§ Material for the task:
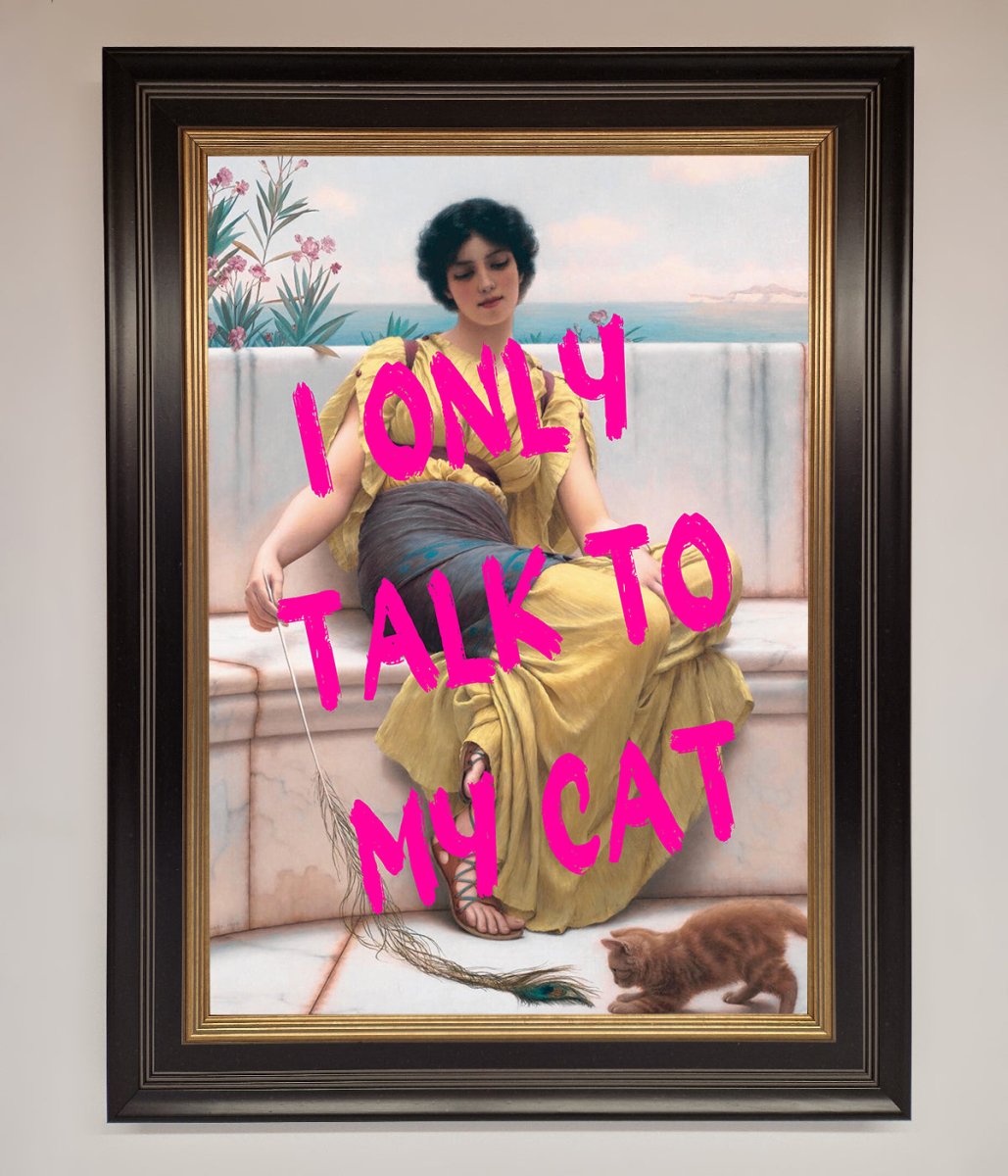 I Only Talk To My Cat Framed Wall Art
--
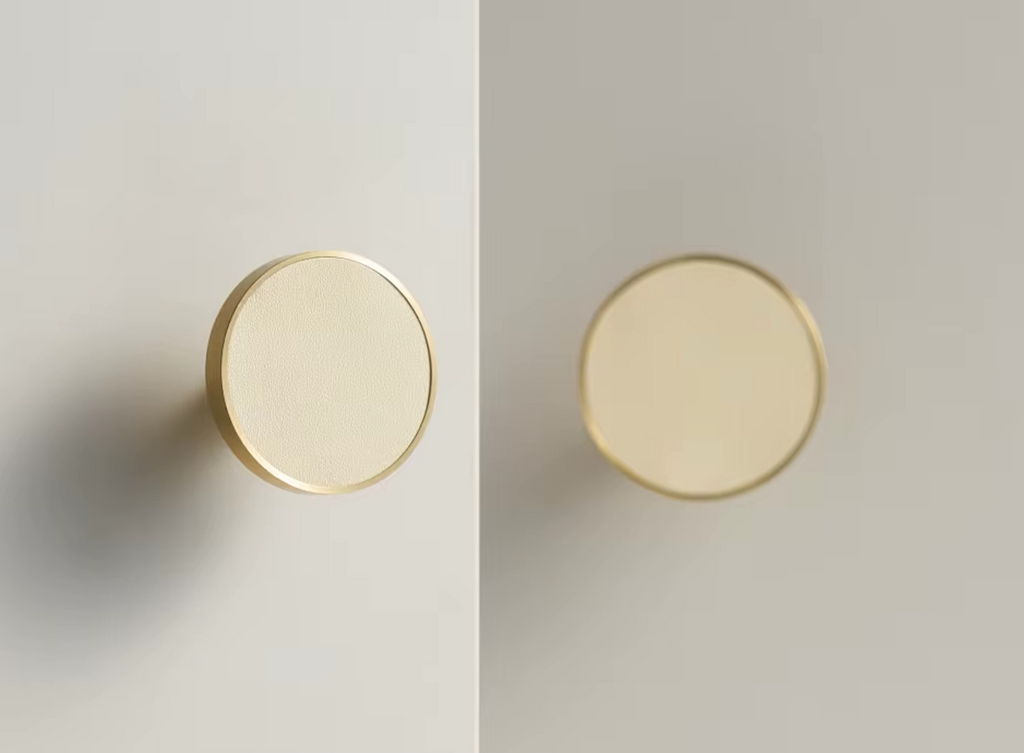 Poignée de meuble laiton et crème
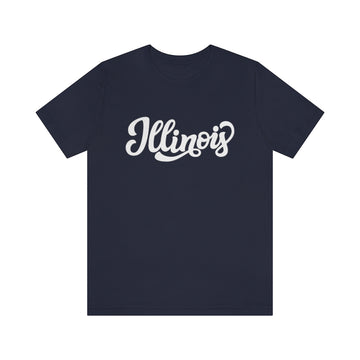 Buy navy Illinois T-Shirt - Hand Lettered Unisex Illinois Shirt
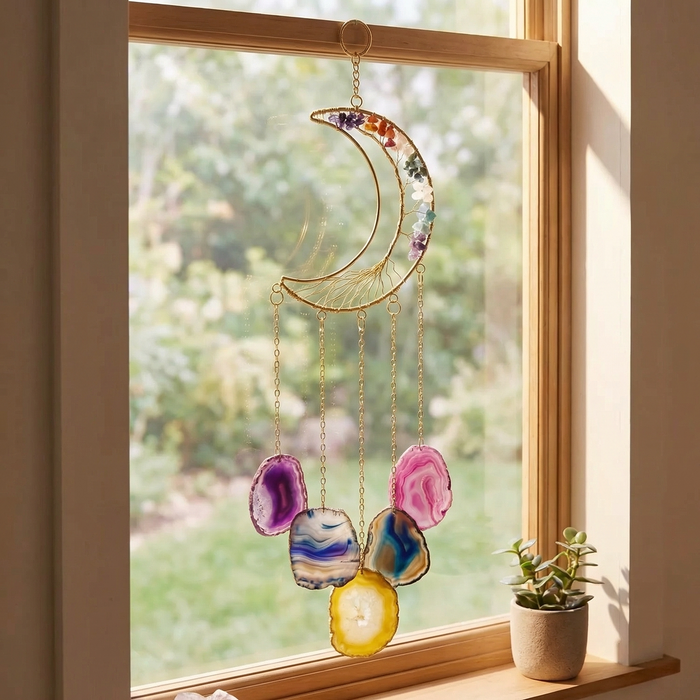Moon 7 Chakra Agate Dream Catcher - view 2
--
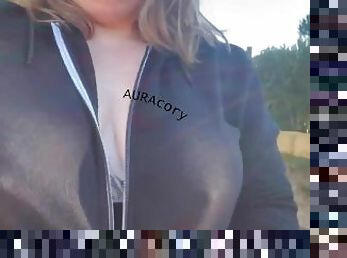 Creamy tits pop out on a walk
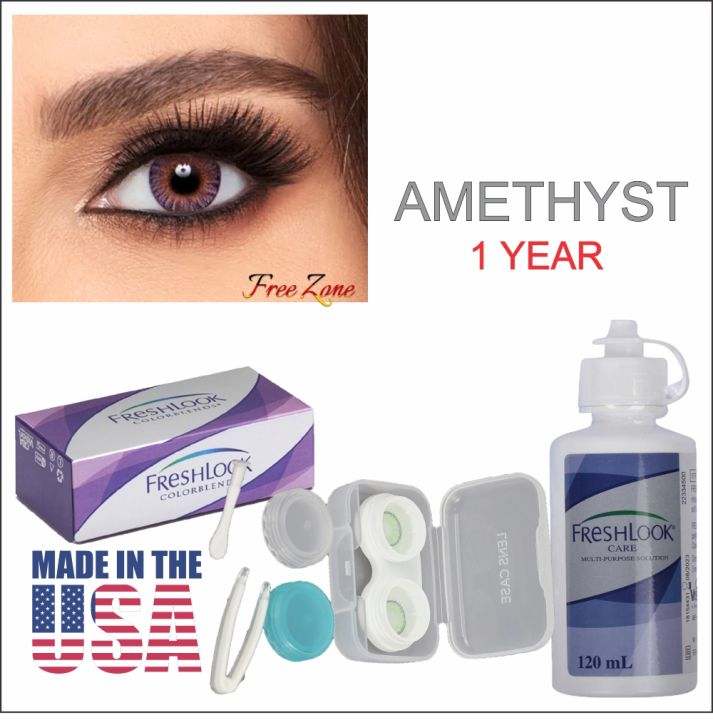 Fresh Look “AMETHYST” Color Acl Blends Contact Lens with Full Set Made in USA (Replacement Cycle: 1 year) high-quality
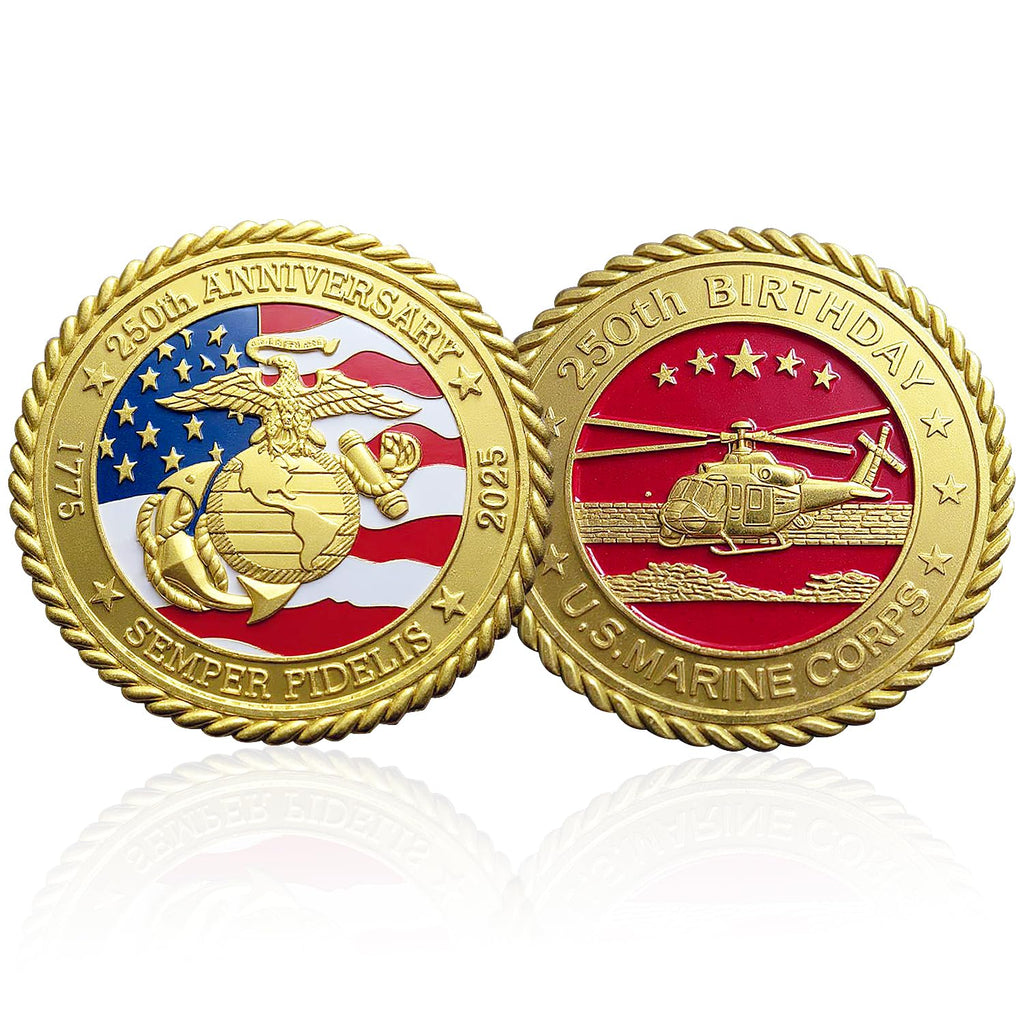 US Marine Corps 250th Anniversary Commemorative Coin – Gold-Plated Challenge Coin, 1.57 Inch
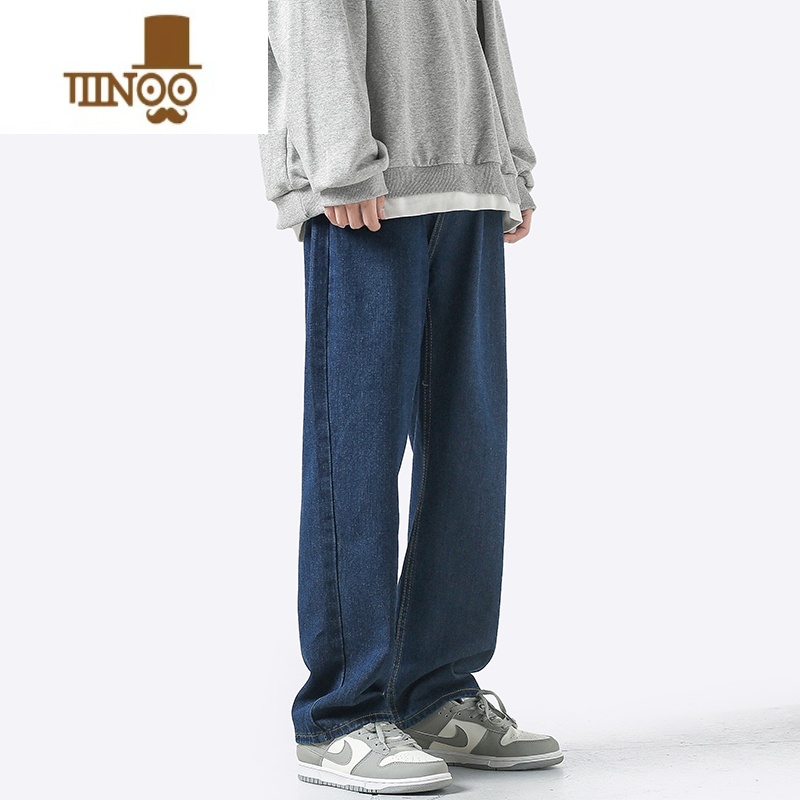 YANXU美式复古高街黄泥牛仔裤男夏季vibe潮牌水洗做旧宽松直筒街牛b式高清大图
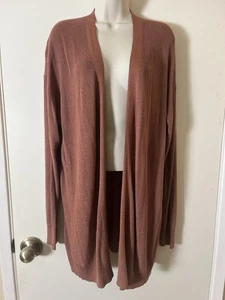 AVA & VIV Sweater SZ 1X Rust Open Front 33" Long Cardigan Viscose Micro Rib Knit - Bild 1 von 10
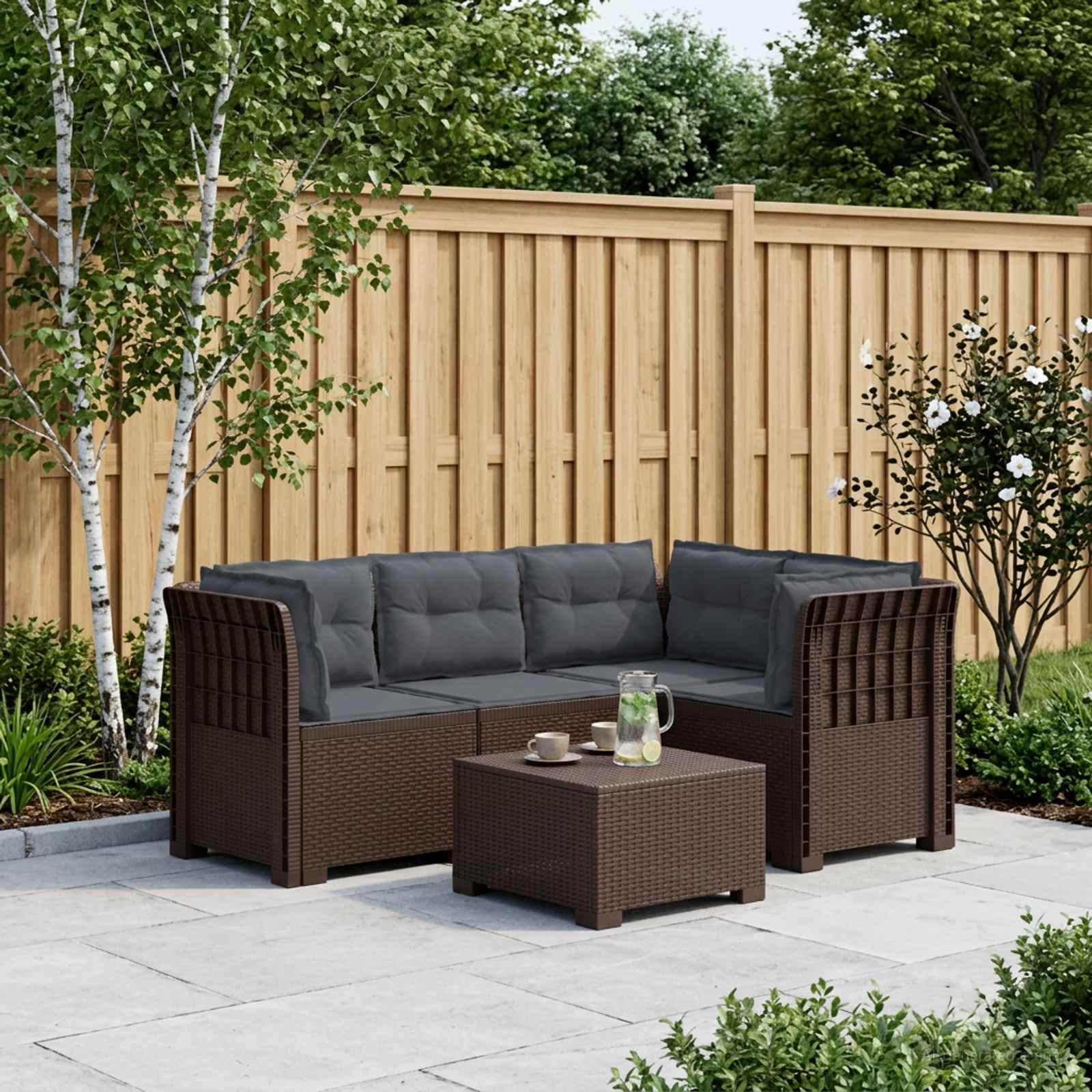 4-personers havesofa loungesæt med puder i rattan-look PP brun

§ Exercise instructions: Starting at the line above that holds "US Marine Corps", return each line up to and including the one that holds "4-personers havesofa loungesæt", exactly as written, minus any pictures.

§ Response box:
 US Marine Corps 250th Anniversary Commemorative Coin – Gold-Plated Challenge Coin, 1.57 Inch
 YANXU美式复古高街黄泥牛仔裤男夏季vibe潮牌水洗做旧宽松直筒街牛b式高清大图
 AVA & VIV Sweater SZ 1X Rust Open Front 33" Long Cardigan Viscose Micro Rib Knit - Bild 1 von 10
 4-personers havesofa loungesæt med puder i rattan-look PP brun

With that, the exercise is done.